What VAR tells us about AI
FIFA's semi-automated refereeing system promises neutrality but brims with bias. It's widely despised yet embraced by elites. It is, in other words, a lot like AI.
I’ve been watching far too much World Cup this summer. It’s great. I’m in Paris, where it’s playing everywhere; in bars, brasseries, on people’s phones on the metro. At night, you can hear cheers erupting from blocks away no matter where you are, for France whenever they’re playing, sure, but also for Argentina and Messi, or for any quality goal really. You also hear plenty of guttural jeering (France’s round of 16 match against Paraguay was especially rich for this) and a good deal of that jeering is now directed at VAR, the virtual assistant referee.
VAR has been the center of at least three (four? five?) stories in sports news the last couple of weeks, and one major story everywhere else, too, with the Folarin Balogun red card that Trump notoriously pushed FIFA to overturn. You’ve got that now-epochal, corruption-tinged Balogun trainwreck, plus VAR handing a Swiss player a yellow card for taking a dive, England scoring after a goal kick hit the skycam and VAR staying silent, a disallowed Egypt goal against Argentina because VAR determined a foul had been committed approximately three hours before Mostafa Ziko put the ball in the net, and, my absolute favorite, a Croatia goal that would have leveled a game against Portugal in the unbelievably tense and exciting final moments getting wiped off the board because the sensors in the ball indicated to VAR that it had in fact subtly brushed overs a players’ head, which the ref did not see because no one possibly could, thus changing the offsides calculus in Portugal’s favor.

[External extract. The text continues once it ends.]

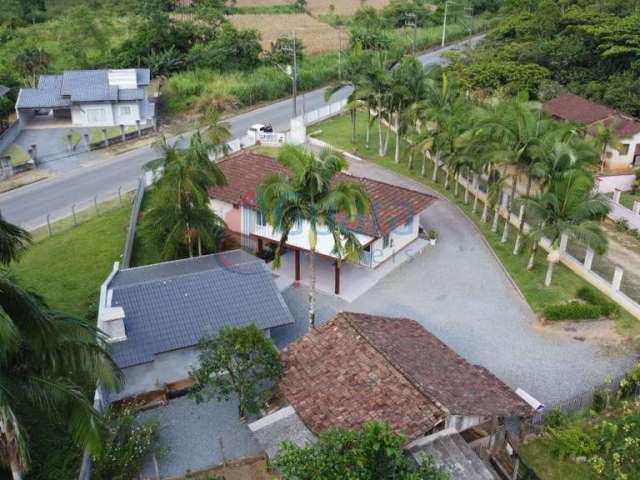 Casa para Venda em Schroeder, Schroeder I, 3 dormitórios, 1 suíte, 2 banheiros, 1 vaga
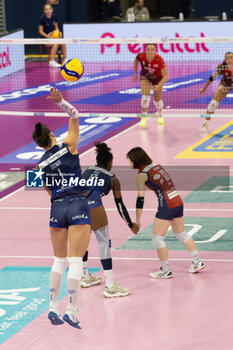 10/11/2024 - Helena Cazaute (Numia VeroVolley Milano) during Volley Italian Championship Serie A Women 2024/25 match between Numia VeroVolley Milano and Uyba Busto Arsizio at Allianz Cloud, Milano, Italy on November 10, 2024	 - VERO VOLLEY MILANO VS UYBA VOLLEY BUSTO ARSIZIO - SERIE A1 FEMMINILE - VOLLEY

The more that I’ve watched these games that grind to a halt for a prolonged and often confusing technological intervention, the more that I’ve read the reams of angry tweets and columns and seen the sports-knowers complaining, the more I simply cannot help comparing VAR to that other ubiquitous, elite-beloved technological intervention, AI. I mean, it’s right there. And I do think it’s well worth asking what role this widely unpopular socio-technical construct (like AI, VAR is at once a technology, a system, a product, and a cultural fixture) is really playing. What does VAR actually do versus what its administrators say it does? Who does VAR ultimately serve? And last but not least, why does VAR persist if so many people despise it?
These are, of course, exactly the kind of questions we routinely ask about AI around here, and beginning to answer them might crack the door to better understanding how AI is interfacing with culture beyond the pitch.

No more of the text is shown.